Pelajaran dari Reuni Akbar 212
A
A
A
JUTAAN orang tumpah ruah mengikuti aksi damai bertajuk Reuni Akbar 212 yang digelar di Kawasan Monumen Nasional (Monas), Jakarta Pusat, kemarin. Aksi massa yang diawali dengan salat tahajud dan salat subuh berjamaah ini berlangsung tertib, aman, dan lancar. Peristiwa monumental tepat di jantung ibu kota ini kembali mengirimkan pesan kepada semua bahwa umat Islam Indonesia sejatinya cinta kedamaian, mampu menghadirkan kesejukan, toleransi, dan semangat persatuan. Pesan ini tidak hanya untuk masyarakat Tanah Air, melainkan juga kepada seluruh warga dunia. Kendati dihadiri jutaan peserta, aksi damai ini berakhir tanpa diwarnai insiden.

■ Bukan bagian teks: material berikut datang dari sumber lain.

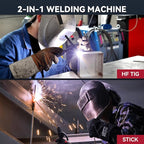 ARCCAPTAIN TIG Welder 200A, High Frequency 110v/220v Dual Voltage TIG/Stick/Arc 2 in 1 Welder LED Digital Display Welding Machine with 2T/4T Function and Tungsten Electrode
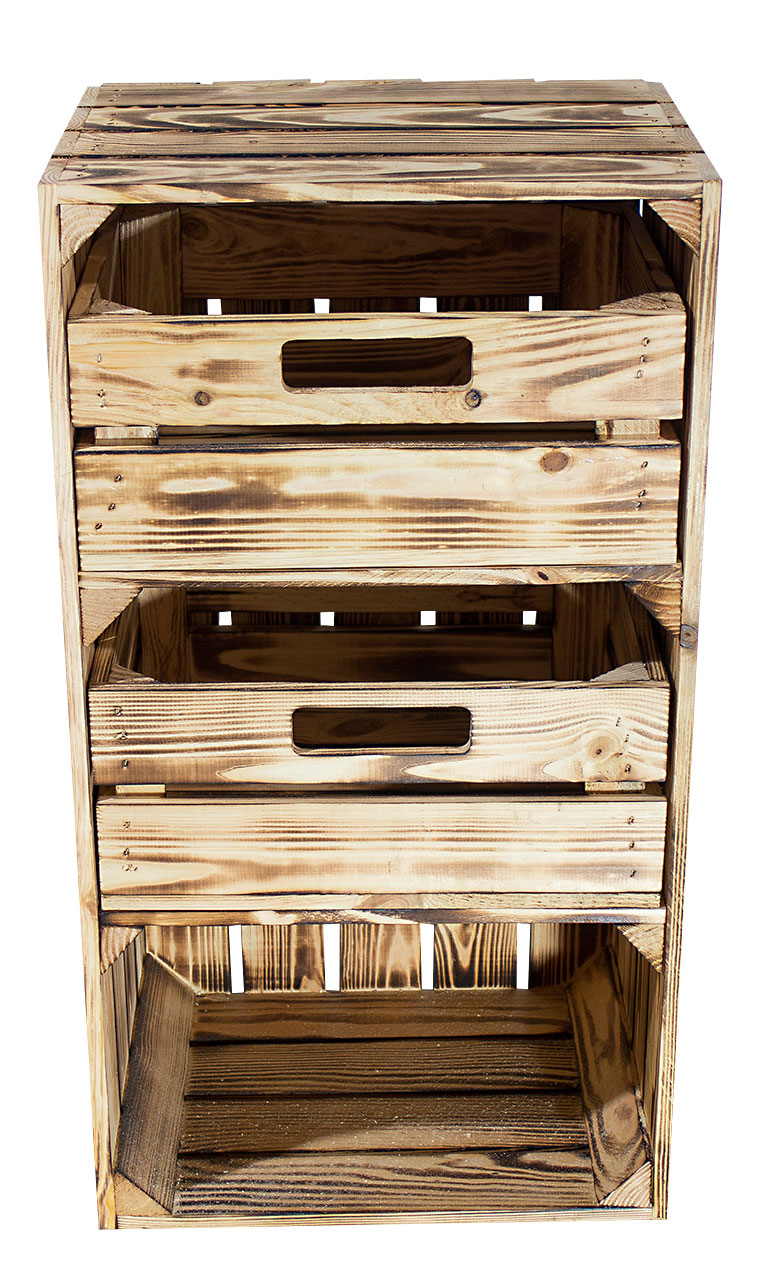 Regalkiste "Willi" in geflammt mit zwei Schubladen 68x40x31
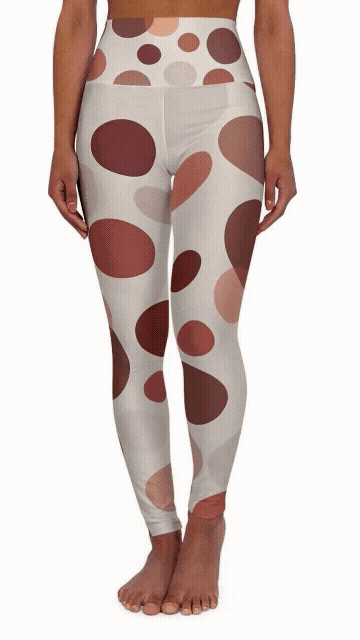 Chic High Waisted Yoga Leggings with Polka Dot Design - Comfortable, Stylish Activewear for Fitness Enthusiasts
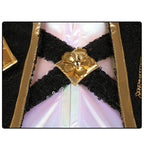 Dance Idol Costume Golden Black Suit Long Wig Pop Star Dress Up Outfit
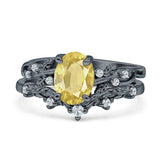 Two Piece Oval CZ Ring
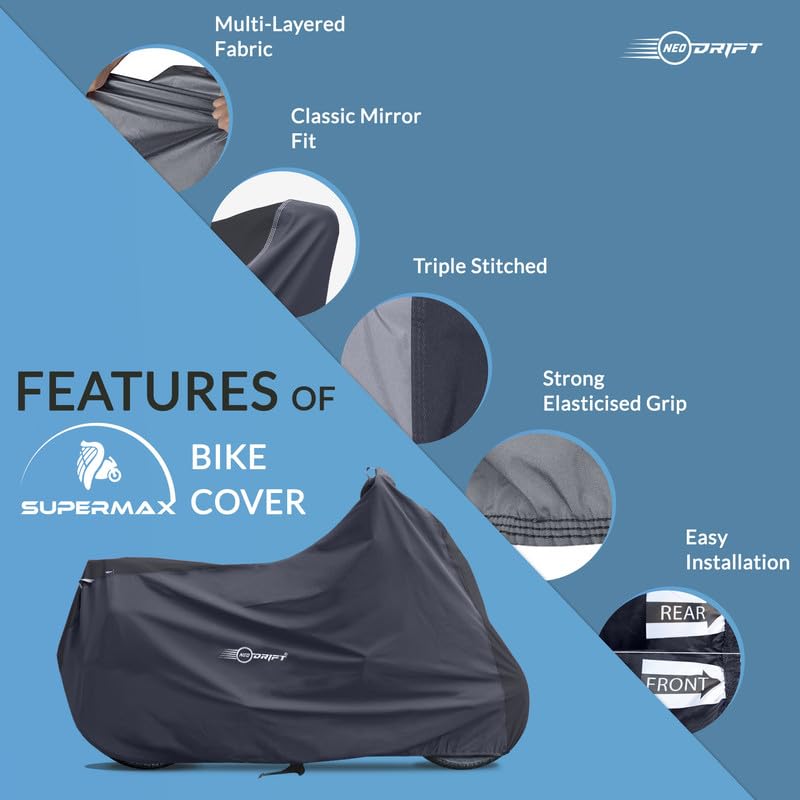 Image of Neodrift 'SuperMax' Bike Cover Suitable for Indian Chieftain (All-Weather Motorcycle Protection, Water & UV Resistant, Windproof) (Colour: Black - Dark Grey)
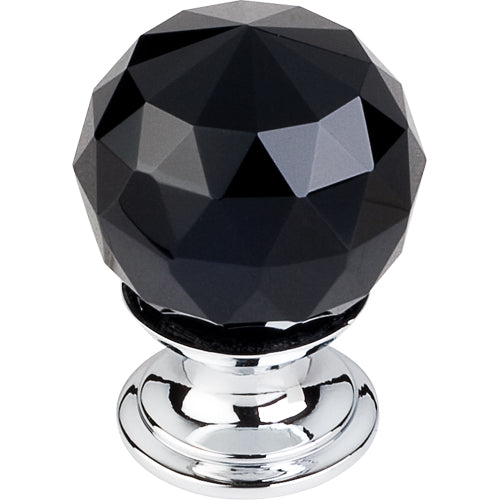 Black Crystal Knob 1 1/8in. w/ Polished Chrome Base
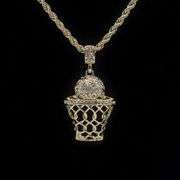 14 Kt Yellow Gold Plated Basketball Hoop Pendant Necklace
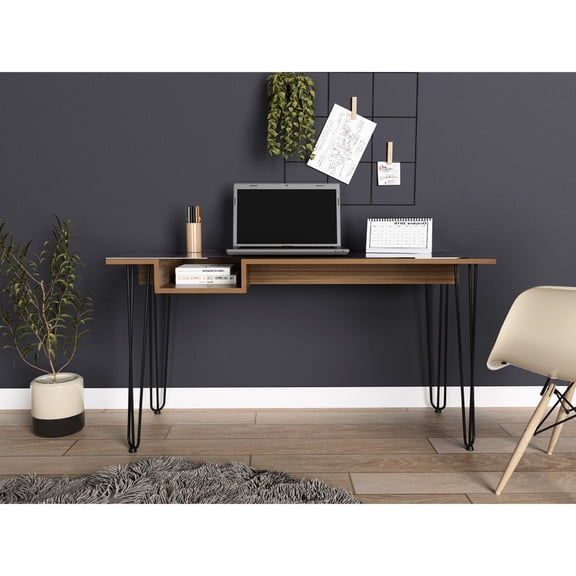 Modern Rectangular Desk with Glass Top and One Shelf / Appropriate for Office Tasks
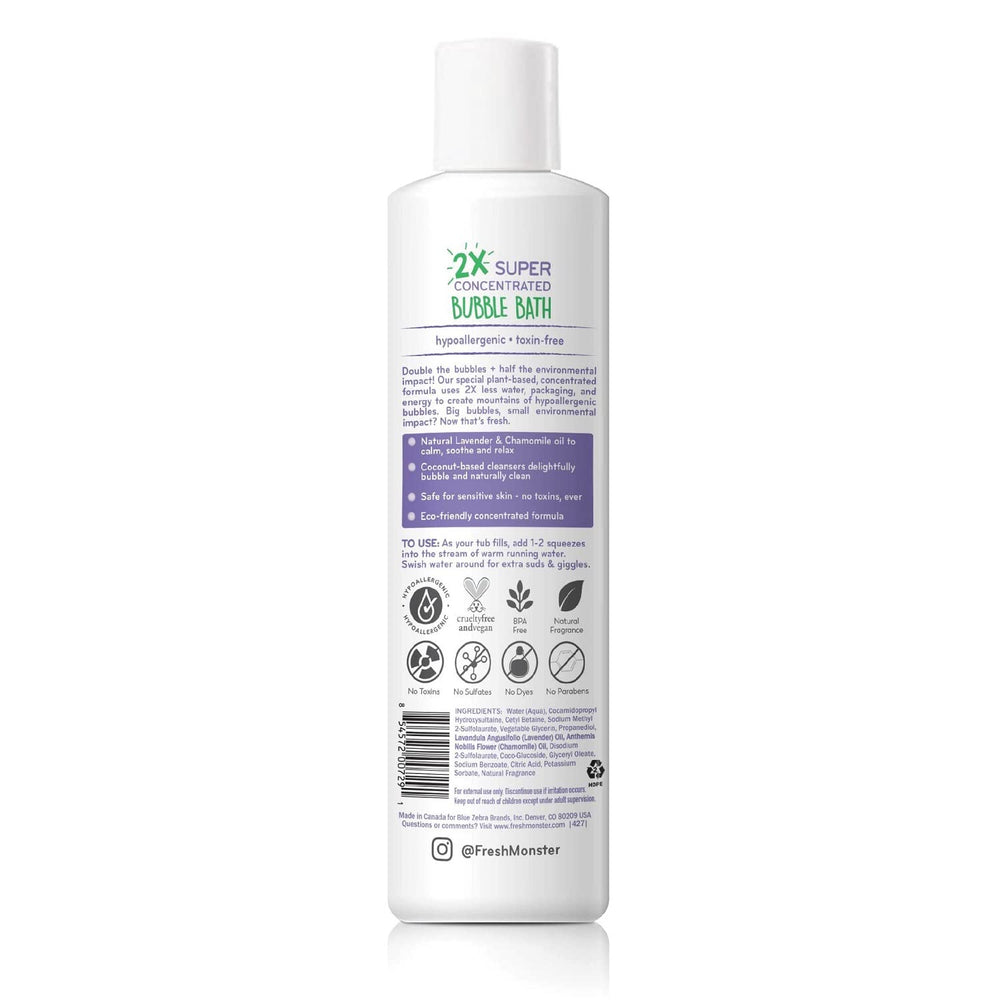 Fresh Monster bubble bath running water stream shows easy 1-2 squeezes for big bubbles.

Tanda-tanda aksi damai akan menghadirkan jutaan orang peserta sudah tampak sejak sehari sebelumnya. Sejak Sabtu (1/12) malam umat muslim yang datang dari berbagai penjuru Tanah Air sudah berbondong-bondong menuju lokasi tempat digelarnya acara. Saat matahari terbit, peserta aksi terus mengalir, datang dari berbagai arah sehingga kawasan Monas tak lagi mampu menampung lautan manusia. Sejumlah tokoh menghadiri reuni akbar ini di antaranya Gubernur DKI Jakarta , tokoh reformasi Amien Rais, politikus PKS Hidayat Nur Wahid, Ketua MPR Zulkifli Hasan, dan calon presiden nomor urut 02 Prabowo Subianto.
Reuni Akbar 212 ini sejatinya bertujuan menapaktilasi peristiwa monumental dua tahun lalu. Saat itu jutaan umat Islam juga menggelar kegiatan serupa di lokasi yang sama. Tuntutan saat itu adalah mendesak aparat kepolisian segera memproses hokum Gubernur DKI Jakarta Basuki Tjahaja Purnama atau Ahok yang dinilai telah menista agama Islam. Unjuk rasa damai pada 2 Desember 2016 tersebut bertajuk Aksi Bela Islam III yang kemudian lebih dikenal dengan aksi 212.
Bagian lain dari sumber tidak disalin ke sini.